Les Grands de ce monde s'expriment dans

LA GRECE DANS LA TOURMENTE

À la tête du Pasok (Mouvement socialiste pan-hellénique), Georges Papandréou remporte facilement les élections législatives du 4 octobre 2009 (1) et accède au pouvoir alors que la Grèce est confrontée à la crise financière la plus grave depuis la Seconde Guerre mondiale : une dette publique et un déficit budgétaire représentant respectivement 113 % et 12,5 % du PIB, ce qui contraint Athènes à emprunter à des taux records (2). C'est au lendemain des élections qu'ont été révélés ces chiffres habilement dissimulés jusque-là... et qui ont beaucoup surpris. La Grèce, dont la croissance avait été de l'ordre de 4 % par an au cours des dix dernières années, apparaissait en effet comme l'un des États de l'Union européenne dont l'économie était le moins atteinte par la crise mondiale (3) ! Les mauvaises nouvelles ne se sont pas arrêtées là. Les difficultés financières du pays ont été artificiellement amplifiées à partir de la fin 2009 par des mouvements spéculatifs incontrôlables. La Grèce et la zone euro tout entière s'en sont trouvées considérablement affaiblies (4).

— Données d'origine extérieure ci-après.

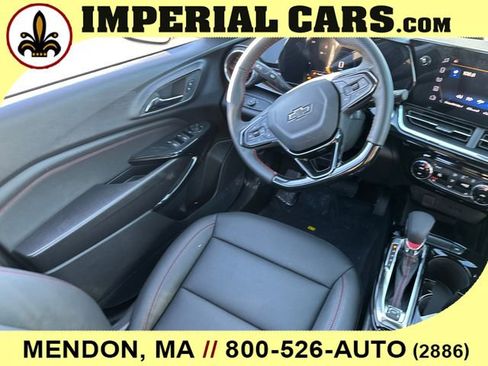 New 2026 Chevrolet Trax RS w/ Sunroof Package image 18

Les handicaps structurels dont souffre l'économie hellénique depuis de nombreuses décennies et des causes d'ordre conjoncturel expliquent la démesure de la crise grecque. D'une part, la défaillance des structures étatiques de la Grèce - qui n'a jamais disposé d'une véritable administration capable de lutter contre l'évasion fiscale - et la permanence de lourdes dépenses militaires (5) plombent le développement économique de ce petit pays (6). D'autre part, le coût des Jeux olympiques d'Athènes de 2004 (9 milliards d'euros), ainsi que la baisse des recettes touristiques en 2009, ont encore aggravé la situation.
Georges Papandréou, qui avait promis avant les élections législatives de revaloriser les bas salaires et les petites retraites, s'est vu contraint par l'Union européenne d'adopter une brutale politique d'austérité visant à réduire le déficit budgétaire de 4 points en 2010 pour le ramener à moins de 3 % en 2013 (7). Cette politique, soutenue en grande partie par la droite mais combattue vigoureusement par les communistes et l'extrême gauche, a provoqué de grandes manifestations de salariés protestant contre la réduction de leur pouvoir d'achat (8). Et l'hostilité manifestée par la presse allemande et la chancelière Angela Merkel à l'égard de toute aide à la Grèce - menacée d'exclusion de la zone euro - a généré une grande tension entre Athènes et Berlin (9).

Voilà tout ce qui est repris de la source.